Wednesday, March 28, 2018

Instead of Greenlighting IQOS Sales, FDA Continues to Slow-Walk Safer Cigarette Substitutes


The introduction of heat-not-burn cigarette substitutes in Japan has led to a precipitous reduction in cigarette consumption.  



Tobacco industry analyst Michael Livery of Piper Jaffray recently issued a report on the Japanese market, citing 2017 sales data. The chart at left suggests that Philip Morris International’s IQOS heat sticks (green) and BAT’s Glo products (blue) caused a 13% decline in cigarette consumption for the year.  Livery deliberately underestimated the number of heat sticks sold because of evidence that up “to 20% (4th Quarter 2017) of iQOS HeatStick volumes…is getting re-sold in China, Thailand, and Hong Kong, and likely other parts of Asia.”



I suggested (here) that a similar result could be possible in the U.S., if the FDA grants marketing approval for such products. The agency, however, appears to be in no rush to make a decision.



Philip Morris submitted a premarket tobacco application (PMTA) to the FDA on March 31, 2017; it has been pending ever since.

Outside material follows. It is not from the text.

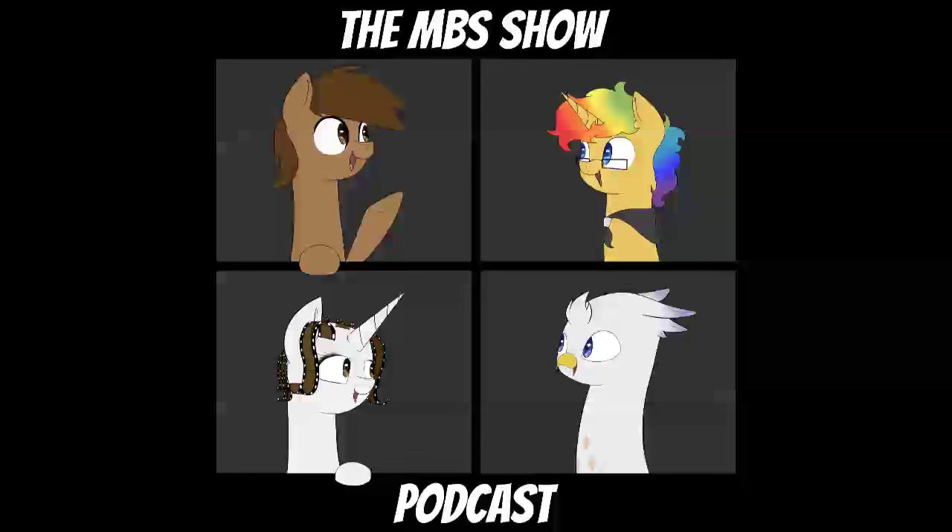Hello and welcome to the MBS show. I'm your host, Puffy Smosh. Joining me today is Norman. Hello and welcome to episode 200! Throw the confetti everywhere! Confetti, indeed.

According to the FDA (here), if a PMTA is accepted and found to be complete, the agency will file it and begin substantive review.  “After completing its review, FDA intends to issue an order within 180 days after receipt of the Premarket Tobacco Application that the new product may or may not be introduced or delivered for introduction to consumers.” (emphasis added)



The FDA took eight months to grant Swedish Match a PMTA for eight snus products in 2015 (here).  This week marks the twelfth month of FDA consideration of the IQOS PMTA submitted March 31, 2017.



It is often said that regulation is a slow, deliberate process.  But in this instance the FDA is in apparent violation of its own procedural guidelines.  The FDA simply slow walks any decision on safer options for smokers: it took 2.5 years (here) and 4 years (here) to reject requests to correct inaccurate smokeless tobacco warnings.  All of these are examples of regulatory purgatory that I warned about six years ago (here). 



Our country’s smokers and their loved ones deserve better.